A Crisis Hits Home

Sonoma County’s affordable housing crisis won’t end until we stop seeing homes as strictly investments

Photography by Leilani Clark

Oscar Wilde once said, “A cynic knows the price of everything and the value of nothing.” Wilde’s famous quote is typically referenced when the intrinsic value of life has been stripped away from an object, leaving an empty shell. I think it well applies to the global crisis in housing affordability, a problem that hits close to home since the Bay Area is in the top percentile of crisis epicenters.

Since the beginning of the post-war building boom, Americans in general have become consumed with housing prices at the expense of a broader community context. We’ve bought hook, line, and sinker into the notion of home-ownership as the golden ticket to wealth investment. At the same time, there’s little dialogue about the meaning of housing to our communities and individual well-being. Owner-occupied houses, in some ways, have become like cocoons: they gestate investments that must be protected and value maximized before the well-being of communities.

I believe we can place the blame squarely on home finance, home insurance, and real estate brokerage firms, which precipitated the 2008 economic meltdown through a combination of greed and blind allegiance to the idea of a house as, first and foremost, an investment. Home ownership has been pushed as a key route to achieving the “American dream” since the 1950s. Government policy has supported the scheme by offering tax breaks for mortgage interest and guarantees on private mortgages, in addition to artificially keeping interest rates low.

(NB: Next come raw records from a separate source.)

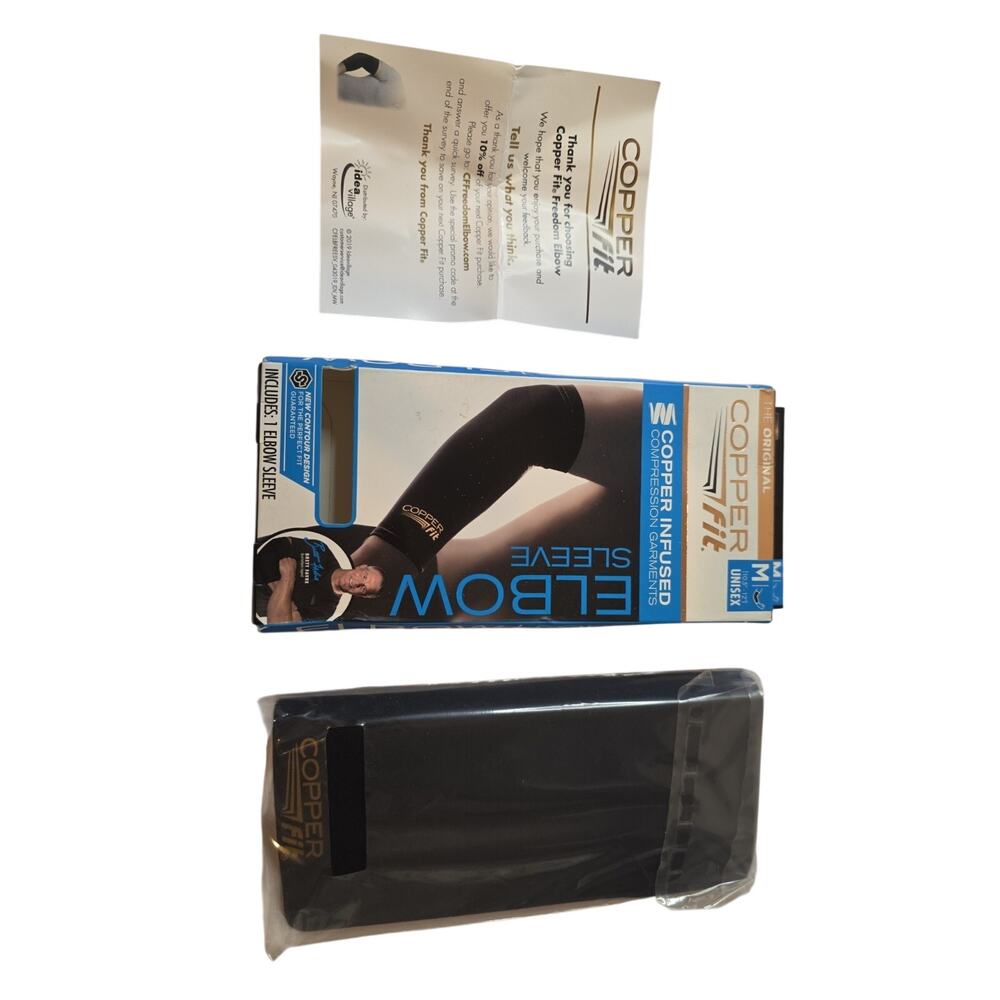 Copper Fit Original Copper Infused Recovery Elbow Sleeve, Black M 10.5" To 12"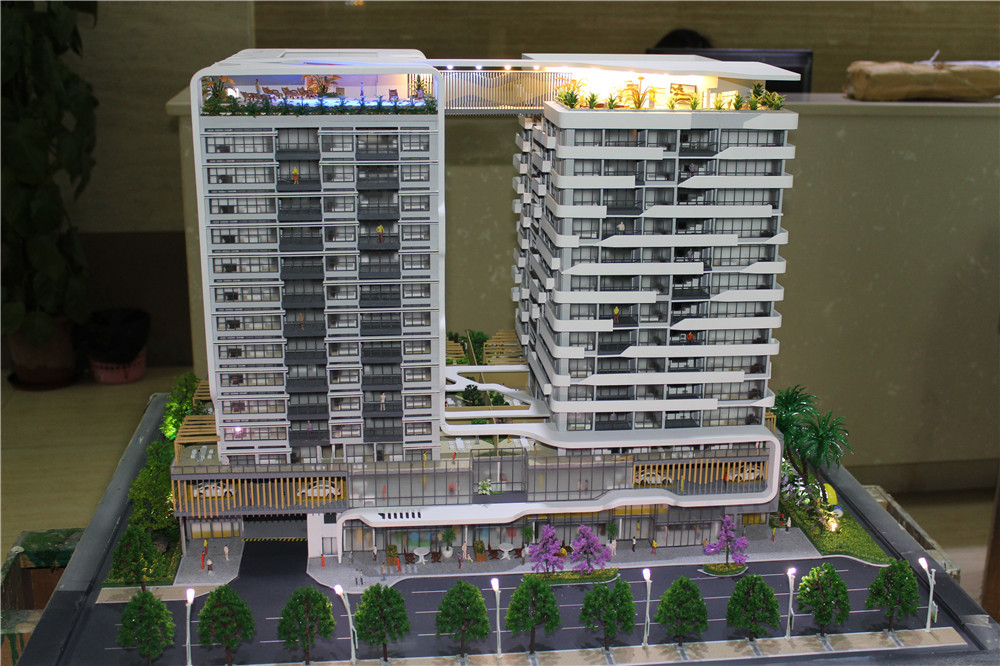 1 / 100 Scale 3D Acrylic Architecture Model Interactive Light Rendering Color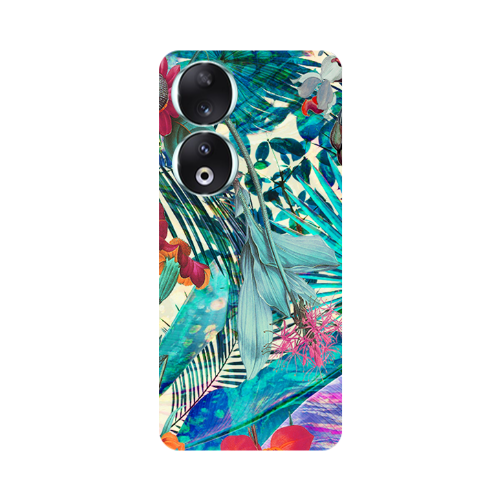Honor 90 5G Blue laves tropical Transparent Silicone TPU Θήκη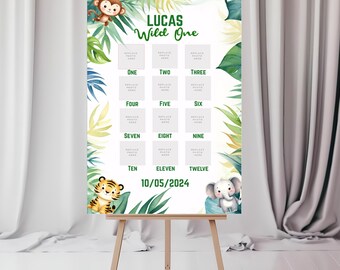 One Year Photo Board Wild One Jungle Theme | First Birthday | Jungle Baby Board
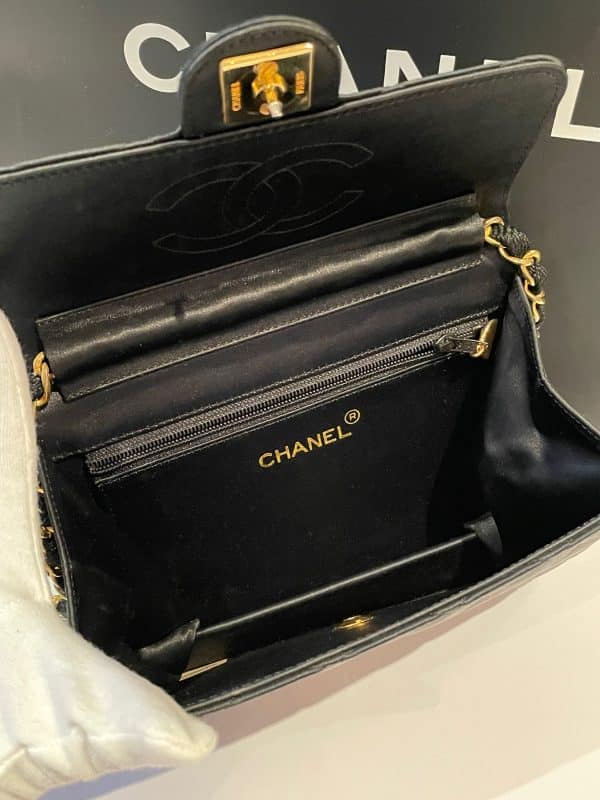 chanel vintage satin black mini square flap bag 24k gold c.1989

As it stands, Sonoma County, and much of the U.S., is in an intractable position. Housing prices have reached a point where it’s acceptable for 35 percent of income to go to housing costs, whether one rents or owns. The situation is drastically worse for lower income folks, who can expect to spend more than 50 percent of their income on housing.

Solving the housing crisis—and it is a crisis when some families have so little left after paying monthly rental or mortgage costs—seems impossible without some suffering on the part of current property owners, landlords or not.

For quality of life, rule of thumb says that housing prices shouldn’t be more than four times a household’s annual income: In Sonoma County, that’s $66,000. This means the median house price should be around $264,000, an affordable price that would allow for the household to spend the rest of their income on a mix of essentials and non-essentials like healthcare, food, savings, vacations, and investment. According to Zillow, the median house price in Sonoma County is $644,500, nearly ten times the median household income.

So, what needs to happen to correct the ship’s course? Incomes need to either increase triple-fold or housing prices need to decrease almost 60 percent.

In 2012, we were closer to the correction needed when median house prices plummeted to around $300,000. According to Zillow, since then there’s been a 114% increase in median home price vs a 10% increase in median household income.

Of course, not everyone wants to own a home. Renting is an acceptable option, unless rents are too high and availability is scarce. According to the National Low Income Housing Coalition (NLIHC), there are around 75,000 renters in Sonoma County. Fair market monthly rent for a two bedroom home is $1,850 and the household income needed to rent it is $74,000. Considering that more than half the county population earns less than that and 46 percent of the population rents, the deficit of available rental housing appears impossible to correct in the near future.

We’re now forced to reconsider the foundation of our American Dream. Do we emphasize public policy that establishes the value of housing as a common good, whether or not one rents or owns? The alternative is that boom-and-bust cycles will worsen, creating more socio-economic damage. Building more housing will slow down the price increases, but it won’t solve the problem. We’re careening towards the iceberg, just at a slower speed. Let’s make the discussion about housing rights rather than property rights. Otherwise, we’ll continue to support rising property values at the sacrifice of quality of life for all.